* **Data extract**
----------------------------------------

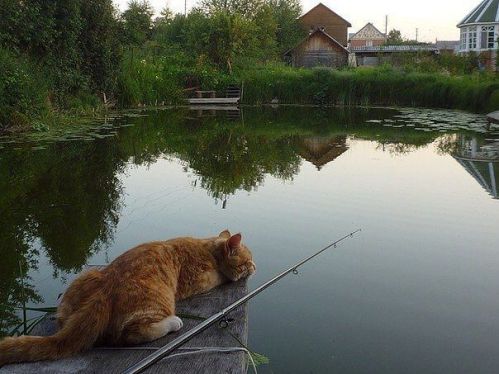 Котик на рыбалке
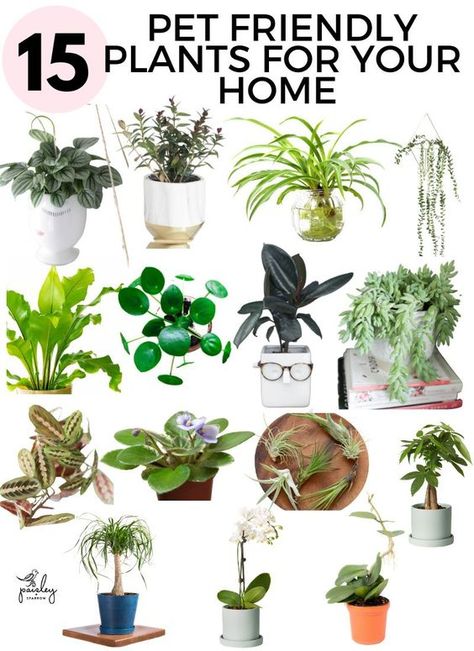 Here are 15 great pet friendly indoor house plants for your home! You will love putting these in your living room or bedroom and not worry about your dog or cat getting at them. Safe for pets! Cat Friendly House Plants Living Room, Plants That Are Safe For Dogs, Dog Friendly Indoor Plants, Dog Friendly House Plants, Cat Safe Plants Indoor, Cat Friendly House Plants, Pet Safe House Plants, Plants Safe For Pets, Pet Safe Plants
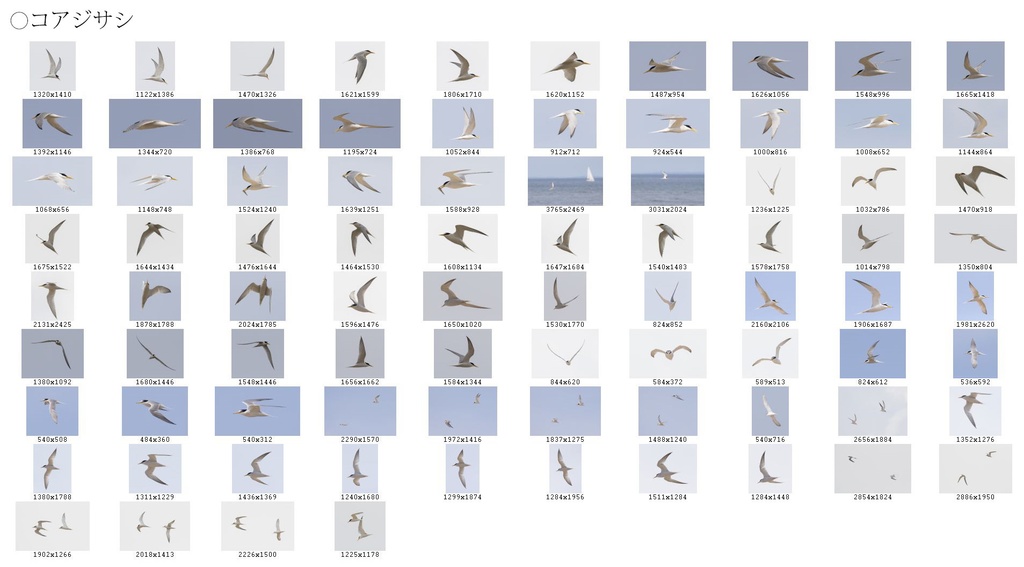 翼のポーズコレクション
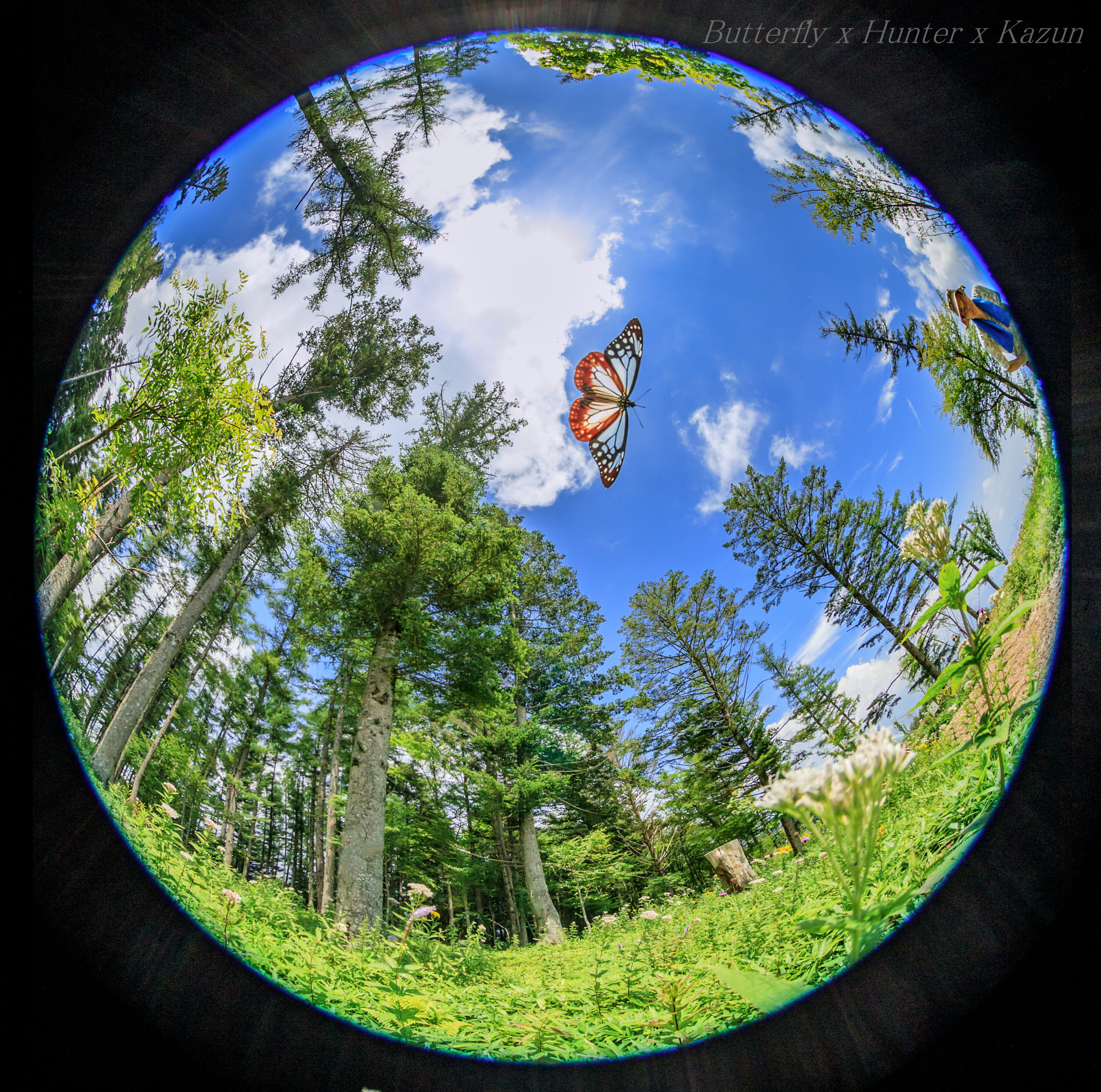Canon EOS-1D X Mark II + Canon EF 8-15mm F4L Fisheye USM sample photo. Chestnut tiger butterfly photography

----------------------------------------

* **Assigned task**
Only the lines from the one containing "翼のポーズコレクション" to the end of the listing belong in the answer, exactly as they stand and with no pictures.

* **Final answer**
 翼のポーズコレクション
Canon EOS-1D X Mark II + Canon EF 8-15mm F4L Fisheye USM sample photo. Chestnut tiger butterfly photography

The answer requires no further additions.